Taxi driver gets 10 years in sex trafficking case


U.S. State Department, in the 2018 Trafficking in Persons Report, placed the FSM under Tier 2. This means that the FSM government “does not fully meet the minimum standards for the elimination of trafficking; however, it is making significant efforts to do so.”

The Federated States of Micronesia Supreme Court handed judgment in a landmark human trafficking case involving a taxi driver who took minors to provide sexual services to fishermen.

The issue of taxi drivers ferrying minors for sexual exploitation has become a concern and priority for the FSM Department of Justice, according to a release. This is the first prosecuted case of a taxi driver involved in human trafficking in the FSM.

FSM Supreme Court Chief Justice Dennis Yamase sentenced William Chunn on March 22 to 10 years imprisonment, and six years probation, after finding him guilty of six counts of trafficking in children and one count of exploiting a trafficked person.

Chunn was a codefendant in a 2017 human trafficking and trafficking in children case against Captain Joseph Parisi, an American who fled from the FSM while awaiting trial. According to a release from the FSM government, the Department of Justice is working with the U.S. Federal Bureau of Investigation and the U.S. Department of State to locate and extradite Parisi back to the FSM to stand trial.

Between 2015 and 2017, Chunn used the taxi he was hired to drive "to recruit, transport, and deliver minor girls to have sex with sailors on shore leave, and other men, on several occasions," according to court testimony.

Witnesses said Chunn would charge the men a fee and then deliver the minors for sex. Some of the victims were as young as 12 years old, according to reports.

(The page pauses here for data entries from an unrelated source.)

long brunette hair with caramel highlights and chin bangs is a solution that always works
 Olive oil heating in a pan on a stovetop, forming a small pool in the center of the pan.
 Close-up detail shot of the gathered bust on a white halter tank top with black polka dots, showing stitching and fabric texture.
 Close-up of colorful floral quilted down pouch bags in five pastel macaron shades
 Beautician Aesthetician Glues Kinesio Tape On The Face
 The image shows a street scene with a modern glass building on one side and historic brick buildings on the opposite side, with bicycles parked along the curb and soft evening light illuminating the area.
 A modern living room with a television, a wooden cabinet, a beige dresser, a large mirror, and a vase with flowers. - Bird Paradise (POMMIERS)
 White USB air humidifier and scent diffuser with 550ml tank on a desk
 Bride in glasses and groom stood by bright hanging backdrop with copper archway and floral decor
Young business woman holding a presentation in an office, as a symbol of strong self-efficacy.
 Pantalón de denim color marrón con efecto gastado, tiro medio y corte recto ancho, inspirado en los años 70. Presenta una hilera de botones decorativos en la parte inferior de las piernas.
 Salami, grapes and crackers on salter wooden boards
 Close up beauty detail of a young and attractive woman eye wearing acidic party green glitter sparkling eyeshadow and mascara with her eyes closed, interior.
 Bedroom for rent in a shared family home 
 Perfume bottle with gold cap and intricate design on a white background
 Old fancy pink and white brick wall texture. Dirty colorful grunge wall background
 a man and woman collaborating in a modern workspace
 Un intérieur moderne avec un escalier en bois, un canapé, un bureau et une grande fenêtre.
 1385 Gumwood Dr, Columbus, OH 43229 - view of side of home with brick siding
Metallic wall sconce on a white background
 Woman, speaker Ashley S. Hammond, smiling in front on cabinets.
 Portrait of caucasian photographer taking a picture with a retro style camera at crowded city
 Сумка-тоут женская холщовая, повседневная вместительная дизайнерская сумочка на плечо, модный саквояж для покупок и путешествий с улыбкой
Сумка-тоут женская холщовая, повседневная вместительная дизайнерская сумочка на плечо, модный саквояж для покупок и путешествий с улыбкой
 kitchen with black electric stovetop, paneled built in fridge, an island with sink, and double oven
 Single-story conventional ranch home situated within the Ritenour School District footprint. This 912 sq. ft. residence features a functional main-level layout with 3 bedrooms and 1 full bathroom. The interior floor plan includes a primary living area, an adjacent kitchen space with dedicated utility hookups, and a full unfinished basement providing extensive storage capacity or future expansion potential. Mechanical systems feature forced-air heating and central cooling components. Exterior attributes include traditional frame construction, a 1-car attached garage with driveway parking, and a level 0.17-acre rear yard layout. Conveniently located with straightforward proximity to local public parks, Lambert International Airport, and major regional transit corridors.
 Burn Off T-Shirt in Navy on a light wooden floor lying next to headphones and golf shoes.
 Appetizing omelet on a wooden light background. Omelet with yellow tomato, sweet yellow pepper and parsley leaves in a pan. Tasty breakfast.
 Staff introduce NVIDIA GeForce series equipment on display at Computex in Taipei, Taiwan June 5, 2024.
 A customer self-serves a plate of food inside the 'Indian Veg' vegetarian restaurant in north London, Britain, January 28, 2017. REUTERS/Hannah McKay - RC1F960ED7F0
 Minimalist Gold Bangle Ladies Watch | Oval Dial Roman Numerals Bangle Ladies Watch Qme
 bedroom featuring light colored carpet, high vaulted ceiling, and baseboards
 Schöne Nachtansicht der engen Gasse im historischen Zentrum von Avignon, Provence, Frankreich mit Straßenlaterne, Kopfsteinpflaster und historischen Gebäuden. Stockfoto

The FSM Department of Justice prosecutors recommended stiffer penalties for the defendant. The prosecution wanted Chunn to serve a maximum 30-year sentence in prison and to pay a $25,000 restitution to the child victims. In the final sentence, the court ordered the defendant to pay $14,000, to be divided between the two identified child victims.

The court also enforced other conditions upon sentencing. The court allowed Chunn to be released at certain hours on Sundays to attend church and visit his children during the duration of his incarceration.

 

"Witnesses said Chunn would charge the men a fee and then deliver the minors for sex. Some of the victims were as young as 12 years old, according to reports."

 

The U.S. State Department, in the 2018 Trafficking in Persons Report, placed the FSM under Tier 2. This means that the FSM government “does not fully meet the minimum standards for the elimination of trafficking; however, it is making significant efforts to do so.”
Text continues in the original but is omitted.